Alexander Graham Bell's invention has come a long way since its prototype in 1876. The latest model of telephone requires no external wiring, fits in your pocket, takes dictation, and answers any question in seconds. For those with an iPhone, their Siri models even have a proper name. It's hard to imagine a servant that would be a greater boon to its master. Except perhaps, for no phone at all. Because while our smartphones have become our link to the world, they also disconnect us from each other. We are reminded of this whenever someone puts their cell phone face-up on the table at the restaurant (just in case someone calls) or when we try to sneak in a quick text at a stoplight.
In fact, for most of us, our compulsion to look at that little screen is so powerful that we can't go for any more than a few minutes without checking it. We jump to the angry buzz whenever it vibrates on the desk. On the rare occasion when we leave it behind, we feel naked and vulnerable.

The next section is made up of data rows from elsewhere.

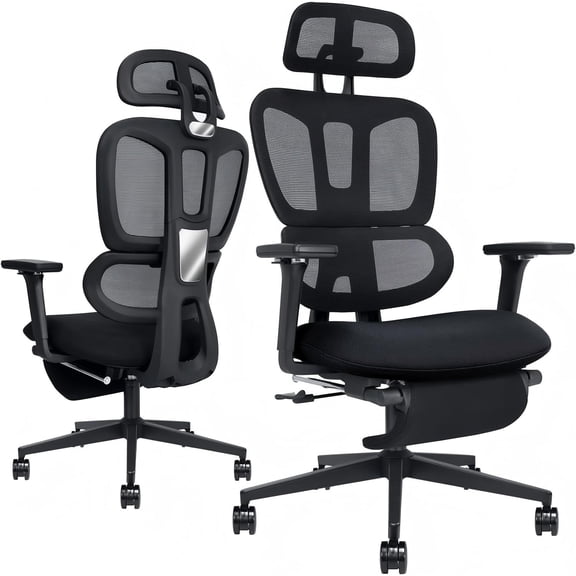 Ergonomic Office Chair with Footrest, High Back Mesh Desk Chair with Adjustable Headrest & Armrests, 90°-135° Reclining Computer Chair with Lumbar Support and Rocking Function, Black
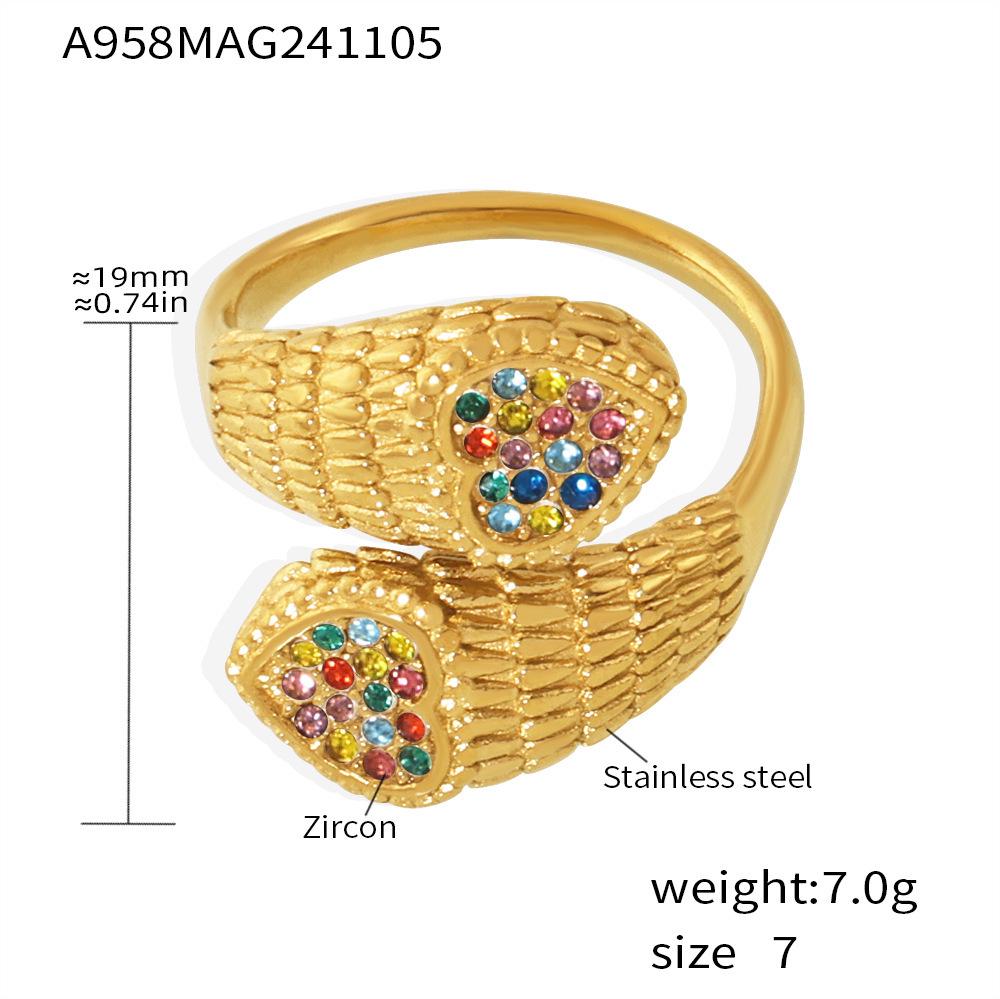 Qiong Yao Stainless Steel Double Heart Snake Pattern Zircon Ring - PVD Electroplated, Adjustable Jewelry Size 7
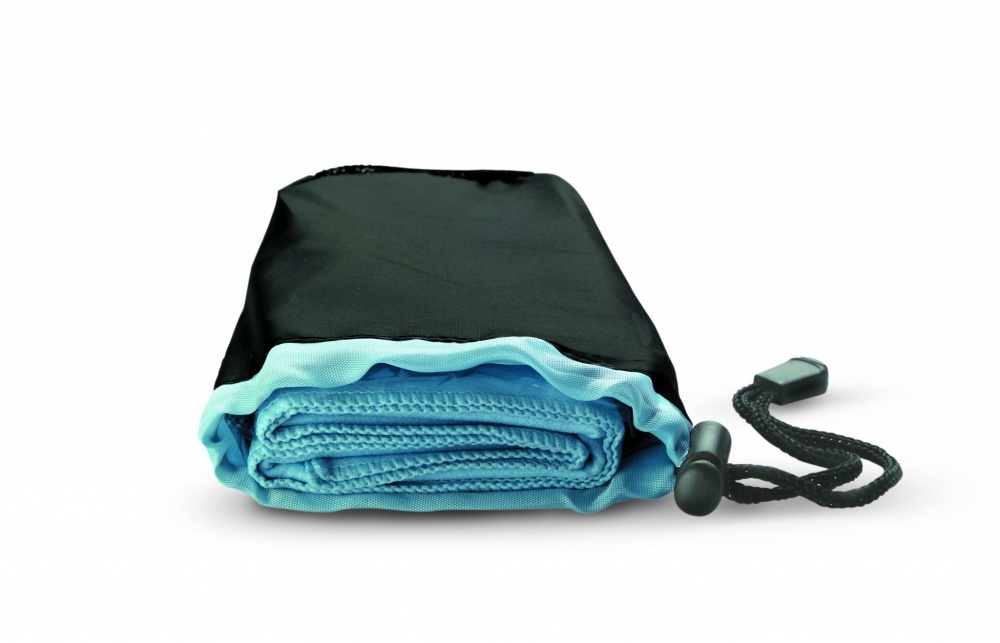 Logo trade promotional giveaways image of: Sport towel in nylon pouch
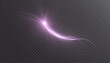 © Valeriia - Soft glowing pink light trail with gentle curve and radiant flare on transparent background. Suggests magical comet motion with smooth energy flow and dreamy glow.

This begs the question: who is the master in this relationship? Have we become slaves to our smartphones? And if business development is founded on human connection, how can we truly focus on the real person sitting across from us of when part of our psyche is attached to that cold rectangular piece of plastic, metal, and glass in our purse/pocket?
The other day I began a meeting with a prospective client by taking out my phone and powering it down so they could see that they were my only priority for the next hour. The client nodded and said, "That's rare—I appreciate that." I gave them my undivided attention. By the end of the meeting, they gave me their business. Strangely, when I turned my phone back on later, everything was still okay.